SteerX seamlessly integrates video generative models and scene reconstruction models, enabling any 3D/4D scene generation without camera conditions.
SteerX seamlessly integrates video generative models and scene reconstruction models, enabling any 3D/4D scene generation without camera conditions.
Recent progress in 3D/4D scene generation emphasizes the importance of physical alignment throughout video generation and scene reconstruction. However, existing methods improve the alignment separately at each stage, making it difficult to manage subtle misalignments arising from another stage. Here, we present SteerX, a zero-shot inference-time steering method that unifies scene reconstruction into the generation process, tilting data distributions toward better geometric alignment. To this end, we introduce two geometric reward functions for 3D/4D scene generation by using pose-free feed-forward scene reconstruction models. Through extensive experiments, we demonstrate the effectiveness of SteerX in improving 3D/4D scene generation.

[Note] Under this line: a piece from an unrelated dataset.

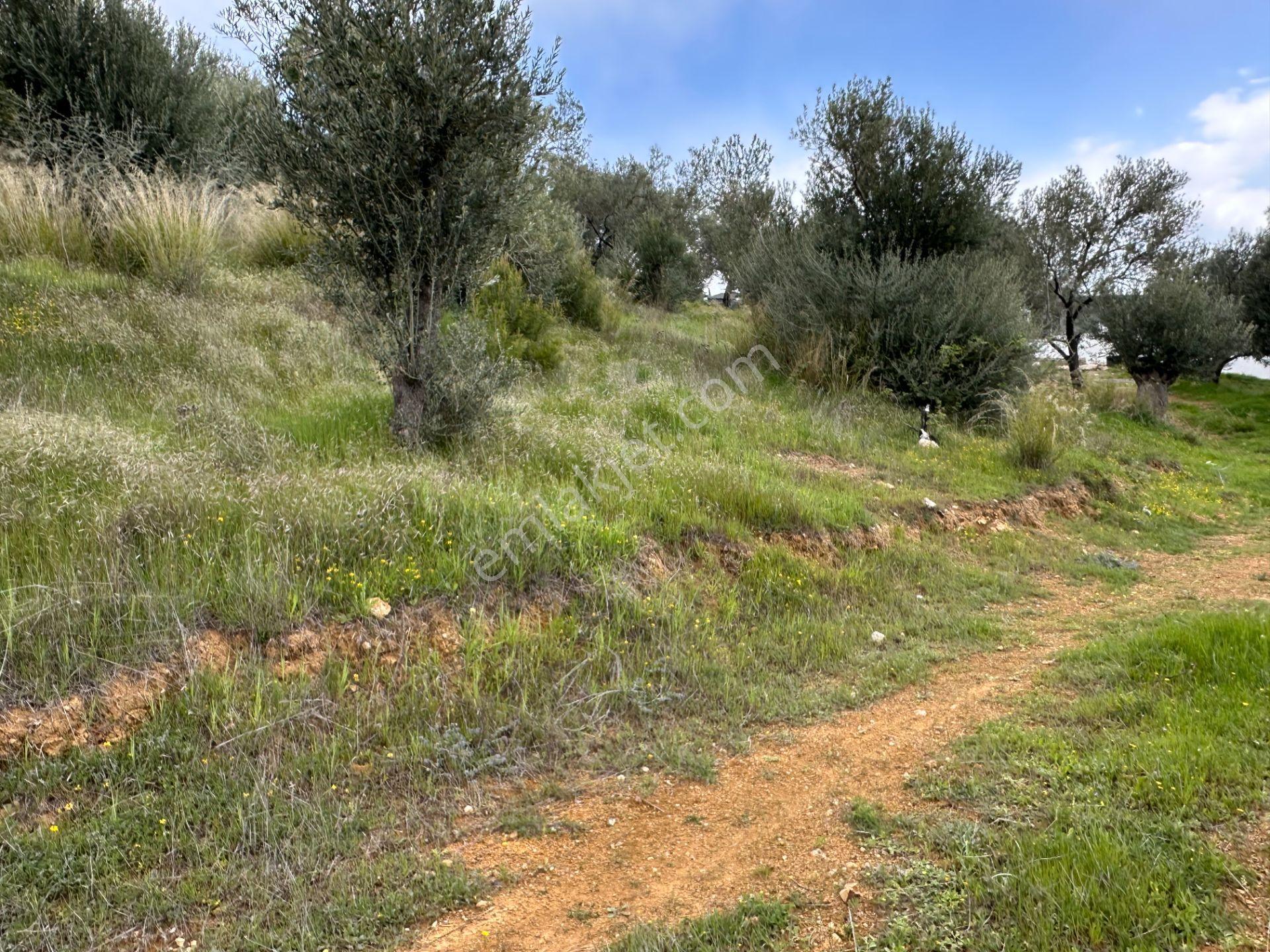 Mera Emlaktan Beyoba Köyü Deniz Manzaralı 3 Villalık İmarlı Arsa - Görsel 26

Our reward functions assess the geometric consistency of intermediate generated video frames by computing the feature similarity of upscaled DINO features. (a) GS-MEt3R evaluates feature similarity between the original video frames and their corresponding rendered images from 3DGS. (b) Dyn-MEt3R unprojects background features from half of the video frames and reprojecting them onto the remaining frames to compute feature similarity.
Our geometric steering builds on Feymann-Kac Steering which resamples particles to guide the data distribution toward high reward samples. By incorporating geometric rewards, we iteratively tilt the data distribution to generate geometrically aligned samples using any video generative model.